Jika memang ada pelanggaran hukum yang sama, seharusnya penegakan hukum dilakukan secara konsisten di semua tempat tanpa memandang besar kecilnya usaha. Situasi ini dikhawatirkan menimbulkan anggapan bahwa ada "pilih kasih" dalam pelaksanaan tugas Satpol PP Cilegon, di mana usaha kecil lebih rentan menjadi sasaran daripada usaha yang lebih besar.
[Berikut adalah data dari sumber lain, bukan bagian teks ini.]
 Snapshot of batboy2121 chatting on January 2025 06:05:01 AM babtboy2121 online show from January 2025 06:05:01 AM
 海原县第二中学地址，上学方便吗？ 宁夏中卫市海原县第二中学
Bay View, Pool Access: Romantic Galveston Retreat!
Selain itu, publik mungkin mempertanyakan apakah ada faktor-faktor lain, seperti kepentingan ekonomi, politik, atau sosial yang mempengaruhi keputusan penegakan hukum?
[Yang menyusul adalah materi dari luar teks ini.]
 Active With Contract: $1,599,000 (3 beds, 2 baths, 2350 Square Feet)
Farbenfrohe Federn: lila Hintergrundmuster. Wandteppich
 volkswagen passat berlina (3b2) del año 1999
Bukan rahasia umum lagi, sejumlah kafe seperti di kawasan Kelurahan Sukmajaya, Kecamatan Jombang terang-terangan menjual miras di dalam pitcher kaca yang tersaji di atas meja. Kafe-kafe ini mendapatkan perlakuan berbeda tanpa tersentuh razia. Padahal jika dasarnya ilegal, adakah kafe yang punya izin menjual miras di Cilegon?
Dugaan ketidaktegasan di tempat-tempat tertentu tidak hanya berpotensi mengikis kepercayaan masyarakat terhadap Satpol PP Cilegon, tetapi juga menciptakan kesan bahwa hukum tidak ditegakkan secara adil.
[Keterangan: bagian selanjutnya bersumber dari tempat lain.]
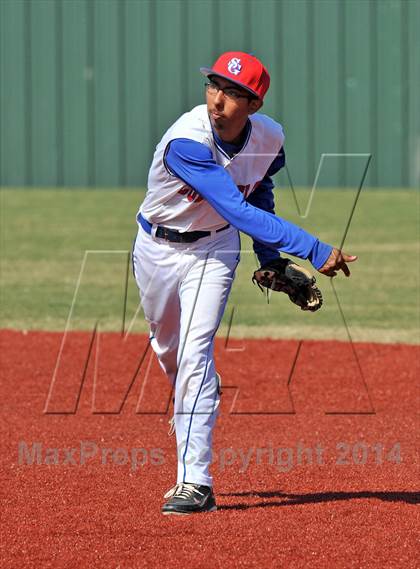 Thumbnail 2 in South Garland vs. Rice Consolidated (Sunnyvale Invitational) photogallery.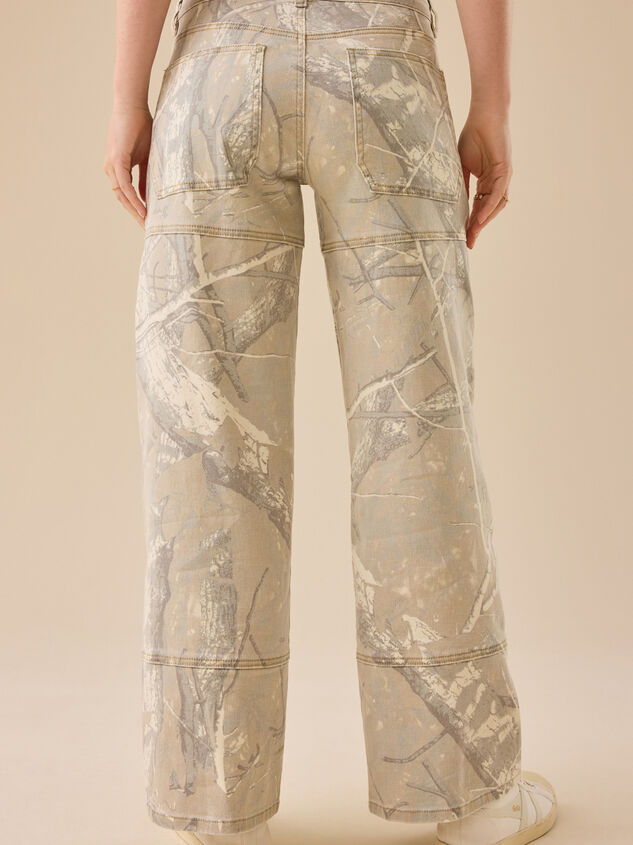 Steph Camo Pant Detail 5 - TULLABEE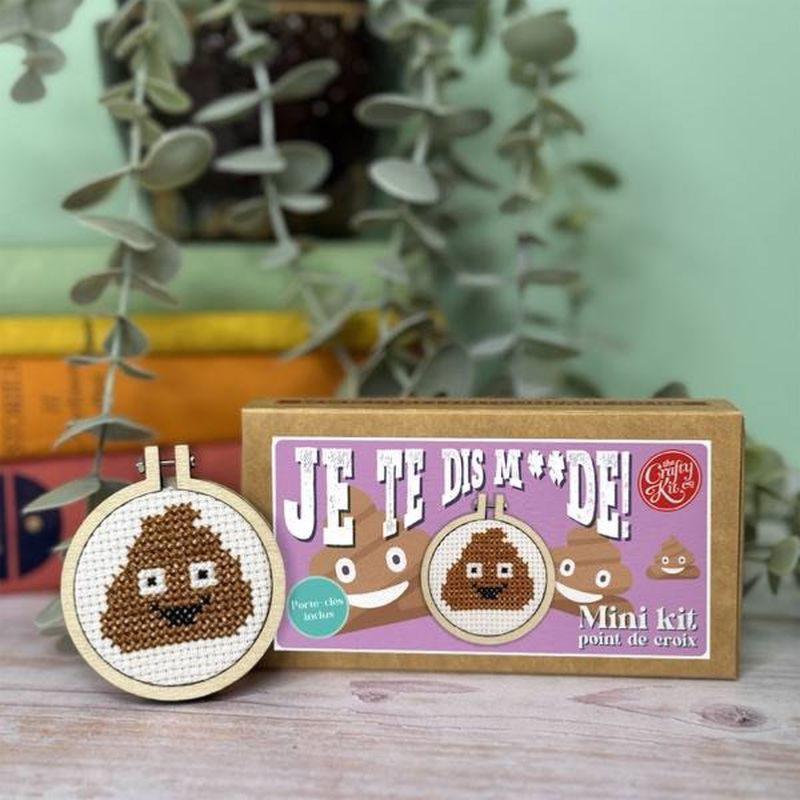Mini kit point de croix Je te dis M**de     The Crafty Kit Company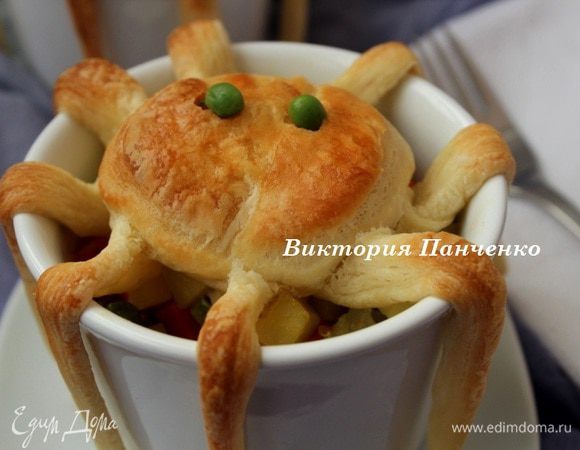 Смазать яйцом и запекать в разогретой духовке 15-20 минут.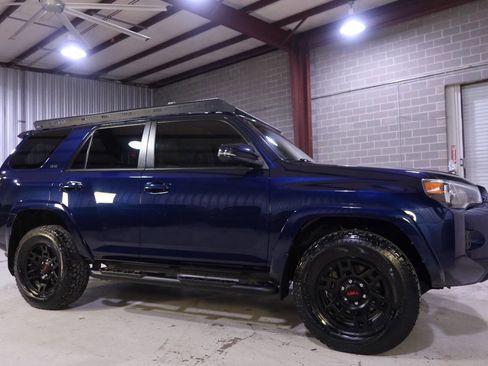 Used 2021 Toyota 4Runner SR5 Premium w/ Moonroof Package image 7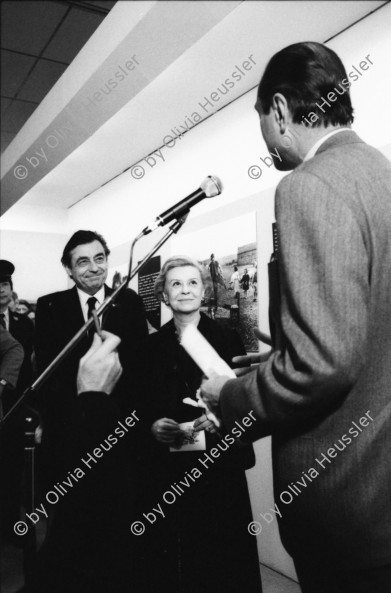 Image of sheet 19820362 photo 8: Jacques Chirac Mayor Bürgermeister von Paris besucht Fellini Austellung am Mois de la Photo. Portrait mit der italienischen Schauspielerin Giulietta Masina aus La Strada mit dem Photographen Tazio Secchiaroli 
(1925 - 24 July 1998) was an Italian photographer known as one of the original paparazzi . He founded the agency Roma 
 
Frau von hinten mit gezöpfelten Zopf Haar Haaren und Hut. Les Halles im Bau. Kathedrale St. Eustache. Ausstellung im Centre Pompidou. Volk. Paris France Frankreich 1983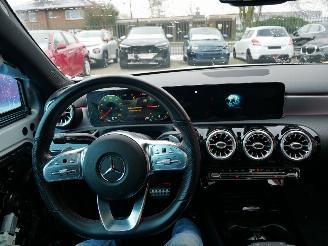 Mercedes A-klasse A 180 D AMG ALCANTARA LED PANORAMADAK picture 12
Harapannya, Satpol PP Cilegon harus memastikan bahwa penegakan hukum dilakukan secara transparan dan tidak pandang bulu, sehingga tidak ada kesan bahwa mereka hanya berani menindak warung jamu saja, tapi juga pada kafe-kafe yang bebas jual miras.
Razia yang dilakukan oleh Satpol PP Cilegon terhadap peredaran miras di warung jamu adalah langkah yang baik dalam menegakkan peraturan daerah. Namun, terkesan tebang pilih, terutama ketika kafe-kafe penjual miras dibiarkan saja.
Jadi penasaran, kapan Satpol PP Cilegon berani menegakan Perda Nomor 5 Tahun 2001 di kafe-kafe penjual miras?